All quarter horse program includes Grade 3 BOA Canterbury Park Championship Challenge
For Immediate Release:
Monday, July 6, 2020
Contact:        Jeff Maday
Media Relations Manager
(952) 496-6408
jmaday@canterburypark.com
Shakopee, Minn.  —  Canterbury Park’s Tuesday racing program won’t take long or at least the races themselves won’t, as the 10-race program features quarter horse racing exclusively with distances ranging from 250 yards, usually clocking in at just over 13 seconds, to 870 yards. Track officials refer to this as The Fastest Day In Minnesota Sports. This year’s event includes six stakes races headlined by the $62,739 Bank of America Canterbury Park Championship Challenge, which was designated a Grade 3 race by the AQHA Graded Stakes Committee. Racing, conducted weekly Monday through Thursday, begins at 4:30 p.m.
Defending champion Pyc Jess Bite Mydust is one of 11 entered in the 440-yard BOA Championship Challenge. Trained by five-time leading trainer Jason Olmstead,  the 6-year-old Minnesota-bred is often his own worst enemy, breaking poorly from the gate and leaving too much ground to make up at shorter distances. He hopped at the start in this race last year but persisted to get up at the wire, winning by a head. Olmstead would have considered scratching had the gelding not drawn an inside or outside post. Pyc Jess Bite Mydust drew post one.
“There are a lot of tough ones in here this year,” Olmstead said. “More than last year.
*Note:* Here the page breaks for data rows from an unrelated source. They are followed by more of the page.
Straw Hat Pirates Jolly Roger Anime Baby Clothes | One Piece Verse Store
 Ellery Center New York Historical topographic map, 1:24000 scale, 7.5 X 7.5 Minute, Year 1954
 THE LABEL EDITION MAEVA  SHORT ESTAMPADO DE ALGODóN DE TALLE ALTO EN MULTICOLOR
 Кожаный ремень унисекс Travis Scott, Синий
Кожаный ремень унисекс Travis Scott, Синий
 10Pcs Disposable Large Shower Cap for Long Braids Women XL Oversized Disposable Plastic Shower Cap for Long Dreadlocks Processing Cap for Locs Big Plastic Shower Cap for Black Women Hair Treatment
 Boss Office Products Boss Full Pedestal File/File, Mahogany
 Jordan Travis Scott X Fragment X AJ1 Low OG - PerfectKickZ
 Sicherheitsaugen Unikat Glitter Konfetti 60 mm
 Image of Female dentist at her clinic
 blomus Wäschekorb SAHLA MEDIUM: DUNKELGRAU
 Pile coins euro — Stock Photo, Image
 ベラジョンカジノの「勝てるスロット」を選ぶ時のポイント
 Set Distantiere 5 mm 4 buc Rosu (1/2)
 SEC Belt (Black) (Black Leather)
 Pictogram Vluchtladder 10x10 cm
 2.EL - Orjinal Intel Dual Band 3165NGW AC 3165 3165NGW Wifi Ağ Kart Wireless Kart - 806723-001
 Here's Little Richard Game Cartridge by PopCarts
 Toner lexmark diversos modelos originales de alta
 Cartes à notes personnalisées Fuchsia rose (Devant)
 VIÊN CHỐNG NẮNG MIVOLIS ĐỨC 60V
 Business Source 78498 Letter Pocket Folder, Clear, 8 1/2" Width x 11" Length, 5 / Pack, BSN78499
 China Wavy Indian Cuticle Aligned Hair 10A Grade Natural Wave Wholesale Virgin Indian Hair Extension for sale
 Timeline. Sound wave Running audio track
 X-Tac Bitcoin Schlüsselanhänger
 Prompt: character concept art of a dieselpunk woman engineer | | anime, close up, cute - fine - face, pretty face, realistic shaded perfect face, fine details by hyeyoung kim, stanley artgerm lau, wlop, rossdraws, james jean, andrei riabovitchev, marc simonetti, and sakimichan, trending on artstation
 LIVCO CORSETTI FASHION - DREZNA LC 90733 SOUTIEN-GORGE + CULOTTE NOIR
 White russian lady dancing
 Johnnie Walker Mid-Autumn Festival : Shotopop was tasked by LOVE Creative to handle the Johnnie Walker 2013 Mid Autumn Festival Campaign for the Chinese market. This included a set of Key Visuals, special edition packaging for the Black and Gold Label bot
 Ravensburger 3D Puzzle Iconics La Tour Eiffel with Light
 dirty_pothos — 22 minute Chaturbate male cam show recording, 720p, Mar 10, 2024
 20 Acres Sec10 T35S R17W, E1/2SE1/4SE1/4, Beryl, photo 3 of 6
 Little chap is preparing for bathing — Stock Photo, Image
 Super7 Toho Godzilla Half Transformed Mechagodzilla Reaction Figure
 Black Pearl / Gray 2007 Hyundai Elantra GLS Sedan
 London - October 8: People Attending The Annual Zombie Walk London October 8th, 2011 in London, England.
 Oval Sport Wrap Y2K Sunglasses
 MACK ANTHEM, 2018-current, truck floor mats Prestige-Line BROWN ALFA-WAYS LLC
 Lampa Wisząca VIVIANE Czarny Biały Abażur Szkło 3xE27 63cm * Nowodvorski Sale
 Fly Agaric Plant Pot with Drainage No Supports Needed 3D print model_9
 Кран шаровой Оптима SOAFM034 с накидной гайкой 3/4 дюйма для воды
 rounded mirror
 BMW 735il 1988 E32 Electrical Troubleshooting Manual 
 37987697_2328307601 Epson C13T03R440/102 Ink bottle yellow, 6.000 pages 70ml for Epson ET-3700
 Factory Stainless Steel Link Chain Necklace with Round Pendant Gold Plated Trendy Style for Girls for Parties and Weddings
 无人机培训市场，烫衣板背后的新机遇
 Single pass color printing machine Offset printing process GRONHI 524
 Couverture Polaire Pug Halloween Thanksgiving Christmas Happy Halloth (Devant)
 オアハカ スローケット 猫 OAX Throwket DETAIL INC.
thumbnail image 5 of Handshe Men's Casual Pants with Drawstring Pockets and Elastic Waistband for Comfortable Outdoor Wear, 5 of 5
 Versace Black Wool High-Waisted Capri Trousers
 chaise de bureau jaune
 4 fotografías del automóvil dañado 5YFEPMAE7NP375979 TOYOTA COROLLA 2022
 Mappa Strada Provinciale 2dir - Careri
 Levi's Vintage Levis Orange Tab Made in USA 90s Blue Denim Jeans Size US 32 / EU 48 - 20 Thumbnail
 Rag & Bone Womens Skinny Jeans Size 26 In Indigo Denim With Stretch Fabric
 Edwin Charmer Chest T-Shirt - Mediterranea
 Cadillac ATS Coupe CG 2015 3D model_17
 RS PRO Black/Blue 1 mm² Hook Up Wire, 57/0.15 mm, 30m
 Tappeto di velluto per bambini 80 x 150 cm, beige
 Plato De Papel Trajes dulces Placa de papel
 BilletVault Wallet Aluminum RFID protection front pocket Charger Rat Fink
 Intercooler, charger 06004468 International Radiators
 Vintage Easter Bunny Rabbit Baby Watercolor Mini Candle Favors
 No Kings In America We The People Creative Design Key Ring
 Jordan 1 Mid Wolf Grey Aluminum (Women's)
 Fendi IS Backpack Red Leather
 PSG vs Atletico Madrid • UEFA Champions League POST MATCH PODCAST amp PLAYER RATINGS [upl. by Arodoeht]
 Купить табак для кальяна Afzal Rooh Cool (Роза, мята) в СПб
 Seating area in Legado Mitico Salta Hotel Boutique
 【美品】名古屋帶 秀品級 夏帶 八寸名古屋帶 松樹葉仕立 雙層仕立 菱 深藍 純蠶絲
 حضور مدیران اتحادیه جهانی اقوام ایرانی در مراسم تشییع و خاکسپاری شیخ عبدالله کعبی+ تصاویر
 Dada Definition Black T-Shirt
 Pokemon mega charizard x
Danjer is fast and Casey Black has a good one.”
Danjer, the 5 to 2 morning line favorite trained by Dean Frey, has earned $534,473, more than any other in the field and has won three of seven at the 440 yard distance. Frey also entered Kowboy Jim, winner of this race in 2018. Eagles Fly Higher is trained by Black. The 4-year-old colt won a grade 2 and grade 1 race at Remington Park this spring. The BOA is the ninth race with an 8:40 p.m. post time.
The richest stake on the card is the $67,335 MQHRA Stallion Auction Futurity at 350 yards, run as the seventh race. Trainer Vic Hanson qualified four of the five 2-year-olds he ran in the June 16 trials including the fastest of the 10 qualifiers Jess One Lane who is the 5 to 2 morning line favorite Tuesday.
Hanson won this futurity once since its origin in 1986 as the Minnesota Stallion Breeders’ Futurity. He could not recall when however. “It’s been so many years,” he said. The win came in 1997 with Luckys Tiny Bit. The purse was $10,000. He has competed in the trials and the finals since then but a victory has been elusive. Tuesday could change that for Hanson, who is fifth in all time quarter horse wins, 97, and earnings, $1,024,928, in the suburban Minneapolis racetrack’s history.
“We got almost all of them in,” he said. “Now you just freshen up and go.” He likes his chances in the 33rd running and expects more from Easter Eve Bug, the slowest of those qualified, who had a bad break but closed to finish second in her trial.  “She’s been consistent. She didn’t break very well but she ran by enough horses to qualify.”
The four other stakes are the $34,315 Canterbury Park Distaff Challenge; the $49,575 Gopher State Futurity for which Olmstead qualified five of the 10 in the race; the $45,975 Gopher State Derby; and the $26,648 Canterbury Park Distance Challenge.